TANGRAM 34

Rire des « Autres » : la toute-puissance de l’anti-politiquement correct

Résumé de l’article
«Das Lachen über die «Anderen»: Anti-Political-Correctness als Hegemonie» (allemand)

Auteur

Sociologue et socio-anthropologue, Rohit Jain a rédigé, à l’Université de Zurich, une thèse portant sur les processus de subjectivation transnationaux des Indiennes et Indiens de seconde génération vivant en Suisse. Il a également publié divers ouvrages sur les émissions de variétés et le racisme ainsi que sur la marchandisation de l’exotisme indien dans la Suisse postcoloniale. Rohit Jain est le co-président de la Fondation Gertrud Kurz à Berne.
rohit.jain@uzh.ch

L’humour permet de mettre des mots sur des expériences ou des atmosphères ambivalentes et pour lesquelles il n’existe ni conventions ni modèles sociaux. Dans un contexte de migration et de mutation sociale, les pratiques humoristiques ont toujours joué un rôle important pour (r)établir la hiérarchie entre soi et l’autre, voire pour donner lieu à de nouvelles relations dépassant les frontières. Mais certaines questions se posent : quand l’humour permet-il de créer des liens et quand a-t-il pour effet d’exclure les autres ? Qui a le droit de rire des autres et qui se voit obligé d’accepter que l’on rie de lui ?

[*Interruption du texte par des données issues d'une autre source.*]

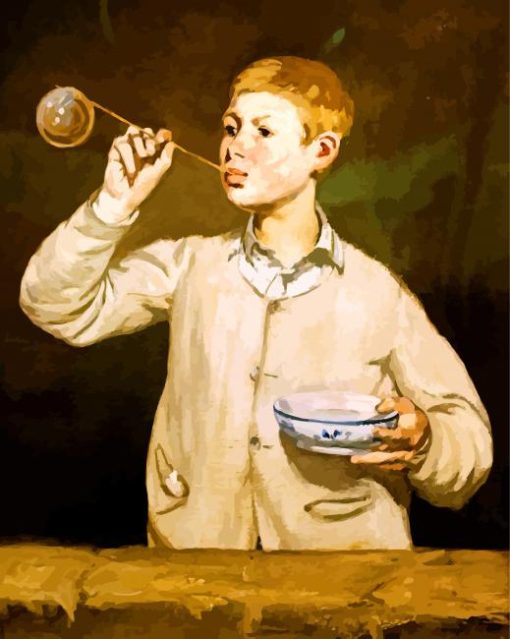 Boy Blowing Bubbles By Manet paint by numbers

Le présent article se veut le reflet, du point de vue des sciences sociales et culturelles, de la politique suisse des vingt dernières années en matière d’humour et de racisme. Il s’intéresse en particulier aux dessins humoristiques qui circulent dans les médias, dans les milieux politiques et dans la vie quotidienne ainsi qu’à la façon dont ils modifient les hiérarchies entre soi et l’autre en Suisse.

Selon cet article, l’humour en Suisse est devenu à la fois une plateforme stratégique et une pratique quotidienne visant à consolider la supériorité de la société dominante du pays. Si, dans la lutte pour le droit au rire, on met fréquemment en avant des valeurs nobles telles que la liberté d’expression ou la satire contre le politiquement correct et sa prétendue pruderie, le recours persistant aux « bonnes vieilles plaisanteries » ne contribue que trop souvent à renforcer l’auto-affirmation nationaliste et à légitimer le racisme.

Pour que l’humour incite comme il se doit au changement et à la critique, il est impératif de veiller à sa pluralisation institutionnelle et à sa démocratisation et de s’assurer de sa nature critique envers le racisme.